Circulation trends have fluctuated in line with print media patterns affecting periodicals like Le Monde diplomatique, Courrier International, The Economist (French readership comparisons), and national weeklies such as L'Express and Le Point. Readership sketches show audiences drawn from conservative and centre-right milieus, public servants from institutions such as the Ministry of the Interior, advisors to ministers at the Hôtel de Matignon, academics from universities like Sciences Po, Université Paris 1 Panthéon-Sorbonne and think tanks like Institut Montaigne, Fondation pour l'innovation politique and IFRI. The magazine's influence extended to policy debates on topics involving the Schengen Area, Treaty of Lisbon, Common Agricultural Policy, immigration policy controversies, security matters touching terrorism responses after attacks such as those of Charlie Hebdo and November 2015 Paris attacks, and discussions on France's role in organizations like the United Nations, NATO and the Organisation internationale de la Francophonie. Digital strategy mirrored efforts by outlets such as Médiapart and BuzzFeed France, with social media amplification on platforms like Twitter, Facebook and content reposting by conservative blogs and think tanks.

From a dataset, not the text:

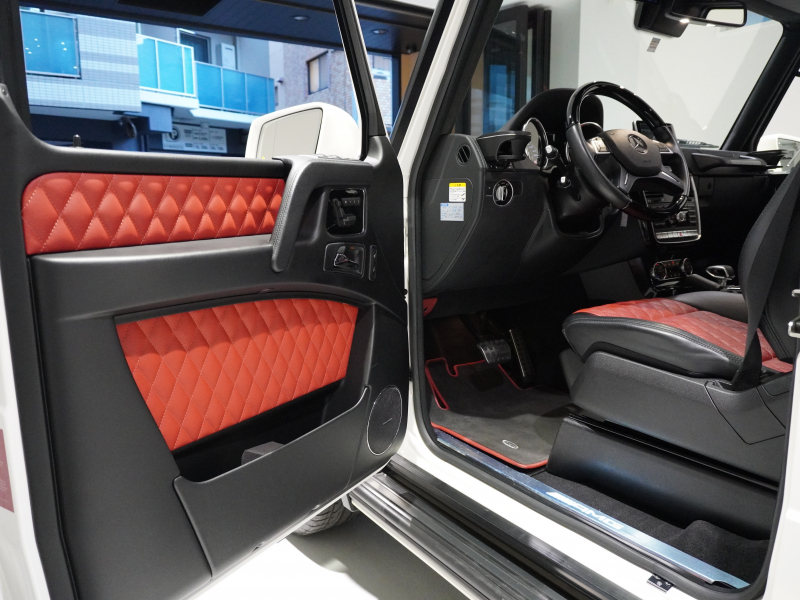 AMG Gクラス G63 designoｴｸｽｸﾙｰｼﾌﾞ　正規D車 OPｶﾗｰ 黒×赤革ｼｰﾄ ﾍﾞﾝﾁﾚｰﾀｰ ｻﾝﾙｰﾌ ﾅﾋﾞTV harman/kardon AMGｽﾎﾟｰﾂEX 20AW　2年保証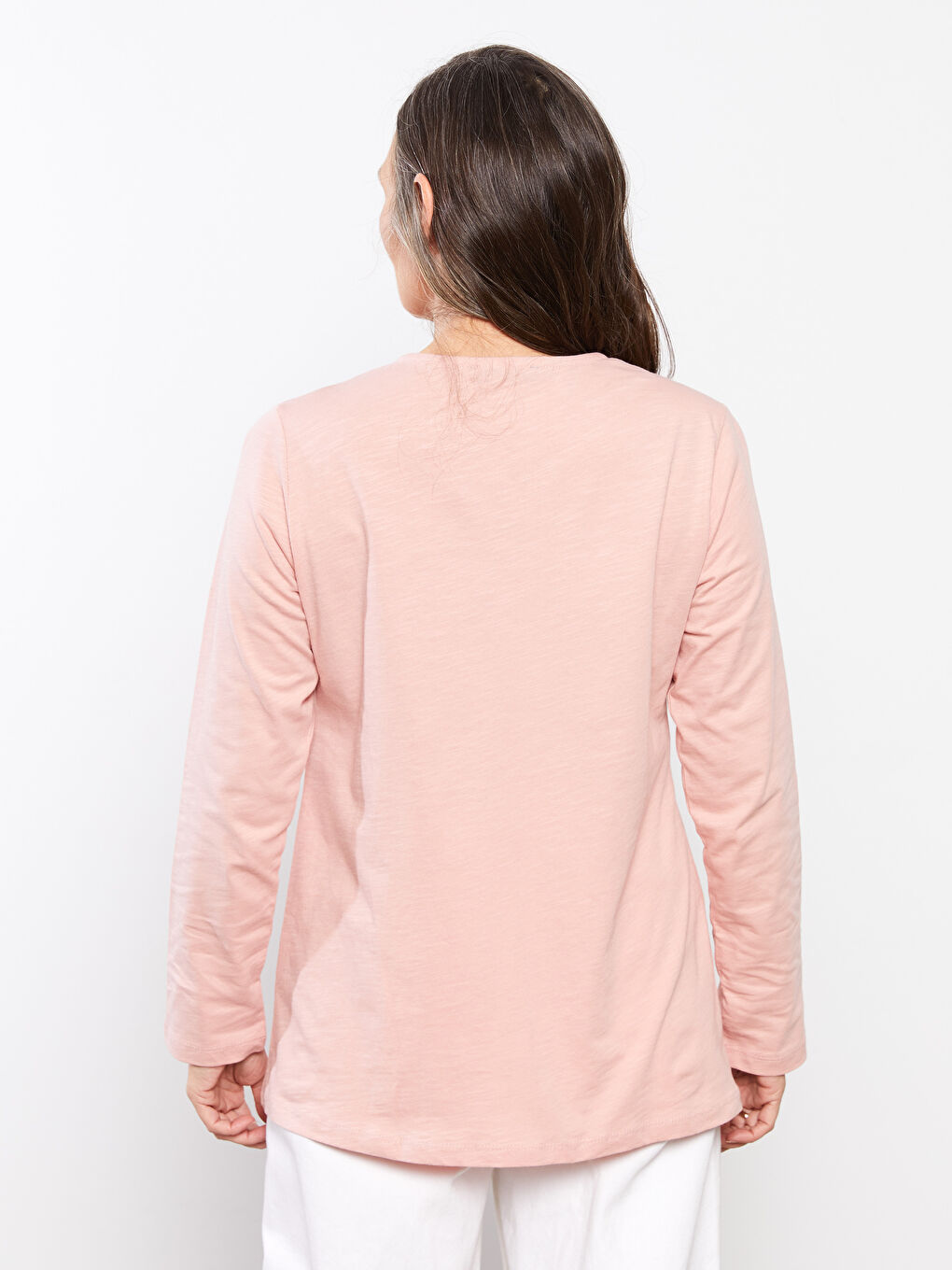 Pembe Bağlamalı Yaka Nakışlı Uzun Kollu Pamuklu Kadın Tişört-4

Over time the magazine published contributions and columns by a range of public intellectuals, journalists and politicians including figures analogous to Jean-Marie Le Pen, Philippe de Villiers, Alain Duhamel, Dominique de Villepin, Éric Zemmour, Éric Brunet, Élisabeth Lévy, Pascal Bruckner, Philippe de Saint Robert, Nicolas Baverez, Max Gallo, Jean Sévillia, Ivan Rioufol, Olivier Duhamel, Renaud Camus, François Lenglet, André Bercoff, Guy Millière, André Glucksmann, Michel Onfray, Hervé Juvin, Catherine Nay, Alain Finkielkraut, Raphaël Enthoven, Éric Zemmour critics and defenders across the French media ecosystem. The roster mirrors contributor patterns seen in publications such as Le Figaro Magazine, Le Nouvel Observateur, La Croix and regional papers like La Provence and Sud Ouest, while younger commentators associated with digital platforms and radio like BFM TV and Europe 1 have also appeared.